Thanks! Your answer implies that I usually shouldn't have to unfold stuff to prove something, is there a better way to show something like:

{a : α | a ∈ A ∧ a ∈ B} x = {a : α | a ∈ B ∧ a ∈ A} x

without unfold set_of?

Kevin Buzzard (May 16 2020 at 14:21):

In some sense your goal should never be that, because it's not in canonical form

Kevin Buzzard (May 16 2020 at 14:24):

If I found myself in that state I would probably first do show x \in A \and x \in B = x \in B and x \in A to get things back into some kind of normality, and then use the ext tactic.

Johan Commelin (May 16 2020 at 14:24):

@Keefer Rowan How did you end up with that goal?

Johan Commelin (May 16 2020 at 14:24):

I think that 1 or 2 lines before it, you should have written ext x.

Reid Barton (May 16 2020 at 14:24):

Here again there are two kinds of approaches depending on whether or not you want to exploit your knowledge of the definition of { | }:

Using that knowledge:

You could compute mentally that the goal is really just x ∈ A ∧ x ∈ B = x ∈ B ∧ x ∈ A. So use change x ∈ A ∧ x ∈ B = x ∈ B ∧ x ∈ A to make that the new goal.
Alternatively, you can see that the new goal is going to be closed by something like and.comm (this might be phrased in terms of iff, though, not sure) so just apply that directly.

Not using that knowledge:

find some lemma that rewrites {a | p a} x to p x.

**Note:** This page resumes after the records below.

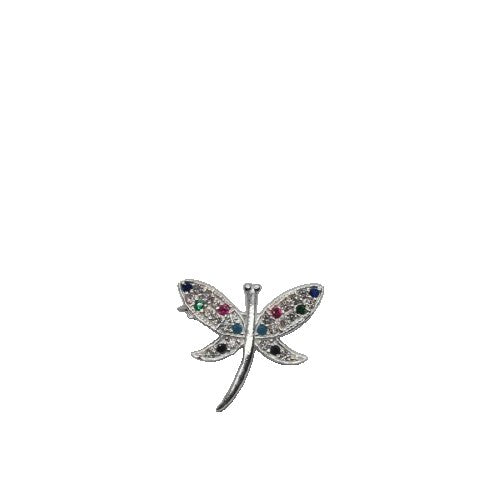 Brosa din Argint 925 Libelula cu Zirconii - vivimall.ro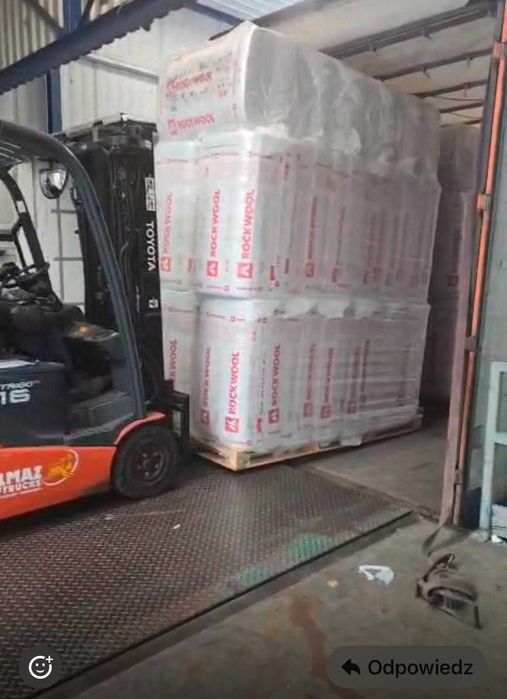 ROCKWOOL ROCKMIN Plus wełna skalna 8,34zł netto/m2 50mm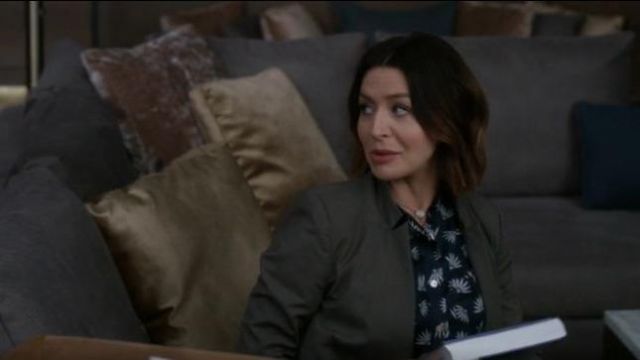 Isabel marant tan/camel colored coat worn by Dr. Amelia Shepherd (Caterina Scorsone) in Grey's Anatomy Season 16 Episode 02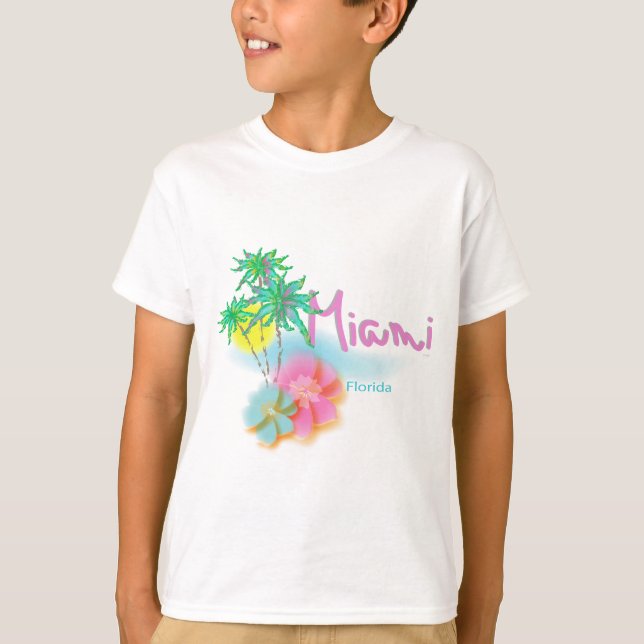 Beautiful Miami Florida T-Shirt (Front)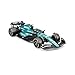 BBurago - Aston Martin AMR23#14 Alonso - Realistic Car Model F1 in 1:43 Scale, Replica Diecast with Official Aston Martin License, Recommended Age 3+ Years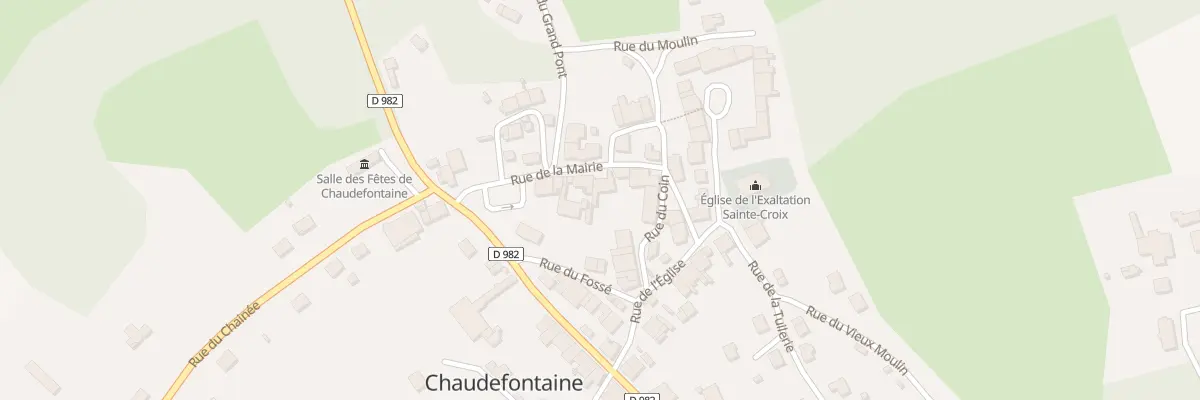 Plan du 11 Rue de la Mairie à Chaudefontaine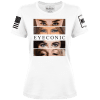 White / XS Eyecons Ladies Tee maga trump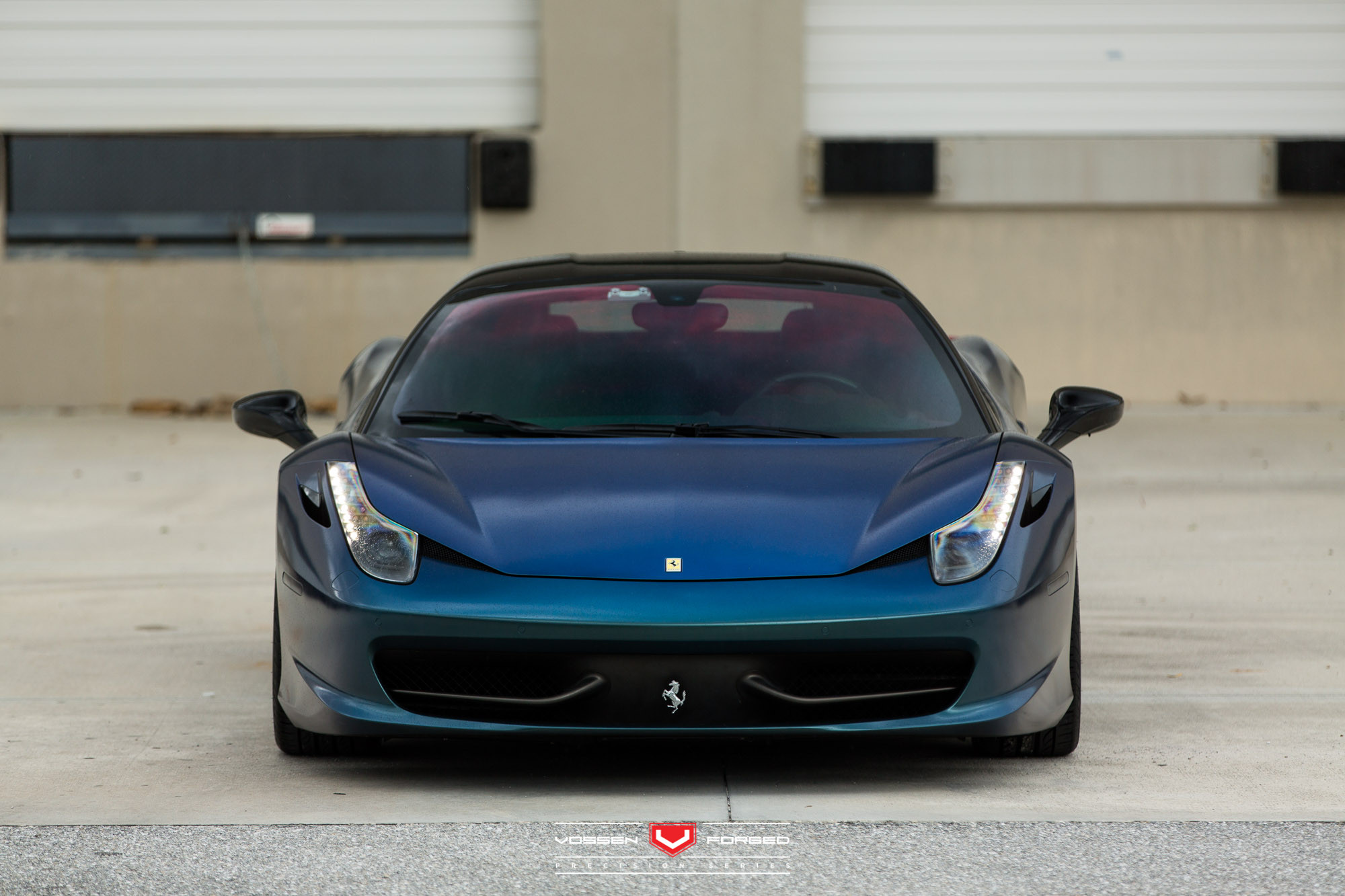 Aftermarket LED Headlights on Ferrari 458 - Photo by Vossen
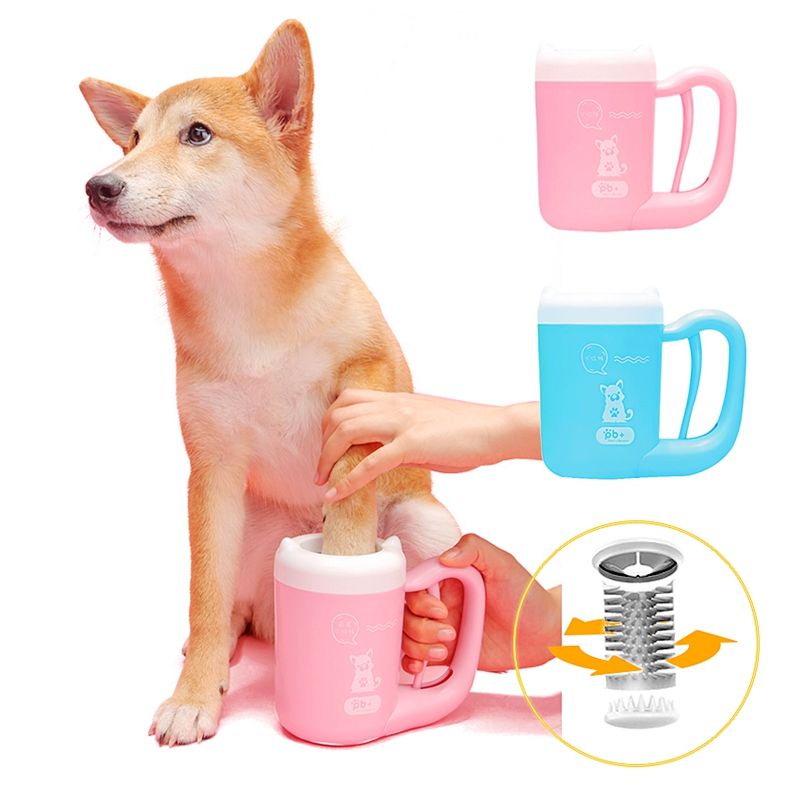 dog paw washer cup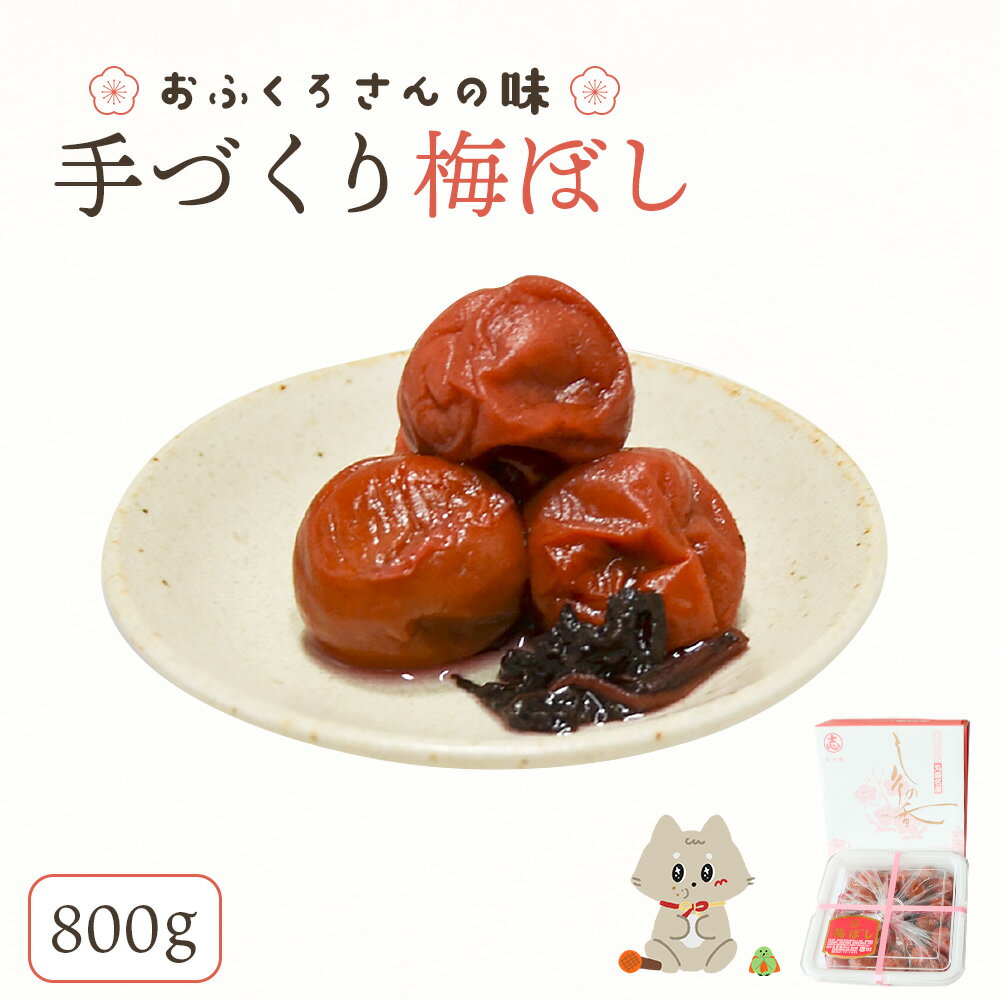 【ふるさと納税】〔おふくろさんの味〕手づくり梅ぼし800g | お漬物 漬物 梅干し うめぼし 完熟梅 白加賀梅 土用干し 肉厚 昔ながら 甘酸っぱい 赤シソ シソ おつまみ ご飯のお供 おにぎり 昔懐かしい 明治創業 老舗漬物店 志白屋 お取り寄せ 宮城県 丸森町 丸森【02105】
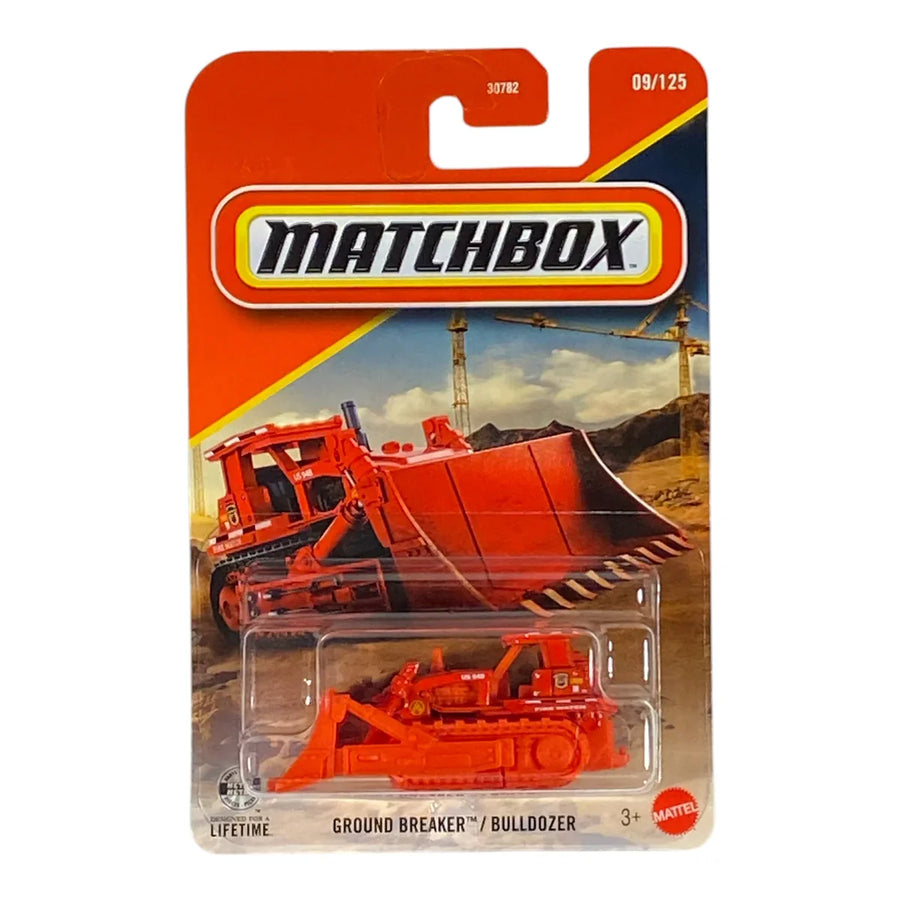 MatchBox Die Cast 1:64 Scale Vehicle - Ground Breaker / Bulldozer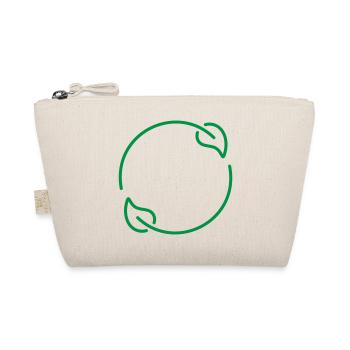 Icône de ligne de feuilles recyclée Symbole de nature écologique circulaire - Trousse biologique - nature - Devant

In this case (and also in the compl one earlier) it's better to just do 1, since the definition of this notation is so basic.

Kevin Buzzard (May 16 2020 at 14:25):

There are 100 ways to say everything in Lean, and a proper subset of them are "canonical". If you stick to the canonical ways then the simp tactic will be of much more help to you.

Kevin Buzzard (May 16 2020 at 14:26):

You learn the canonical ways by looking at statements of lemmas in the library

Kevin Buzzard (May 16 2020 at 14:26):

show and change do the same thing, by the way

Keefer Rowan (May 16 2020 at 15:34):

@Johan Commelin This is where I was:

theorem inter_comm {α : Type u} {A B : set α} : A ∩ B = B ∩ A :=
begin
    unfold has_inter.inter set.inter, sorry,
end

(BTW: I know this is almost certainly already in the library)

Also ext x gives an "unknown identifier". I'm working with very basic imports, so maybe isn't imported.

Keefer Rowan (May 16 2020 at 15:40):

I think I see what's going on though, you're saying that if I prove the theorem by set extensionality, I won't run into this state. What do I need to import to get ext? I was able to prove theorem setext {α : Type u} (A B : set α) : (∀ (x : α), x ∈ A ↔ x ∈ B) → A = B, which allows me to do this, but I should probably be using the proper tactic.

Bryan Gin-ge Chen (May 16 2020 at 15:41):

Yeah, ext is a mathlib tactic. You would have to use apply set.ext instead. Here's the proof in mathlib.

Bryan Gin-ge Chen (May 16 2020 at 16:02):

Oh hmm, set.ext is proved in mathlib too.

Kevin Buzzard (May 16 2020 at 16:28):

import tactic

theorem inter_comm {α : Type} {A B : set α} : A ∩ B = B ∩ A :=
begin
  ext x,
  rw [set.mem_inter_iff, set.mem_inter_iff],
  apply and_comm,
end

In this proof nothing ever leaves the canonical form.

Last updated: Dec 20 2023 at 11:08 UTC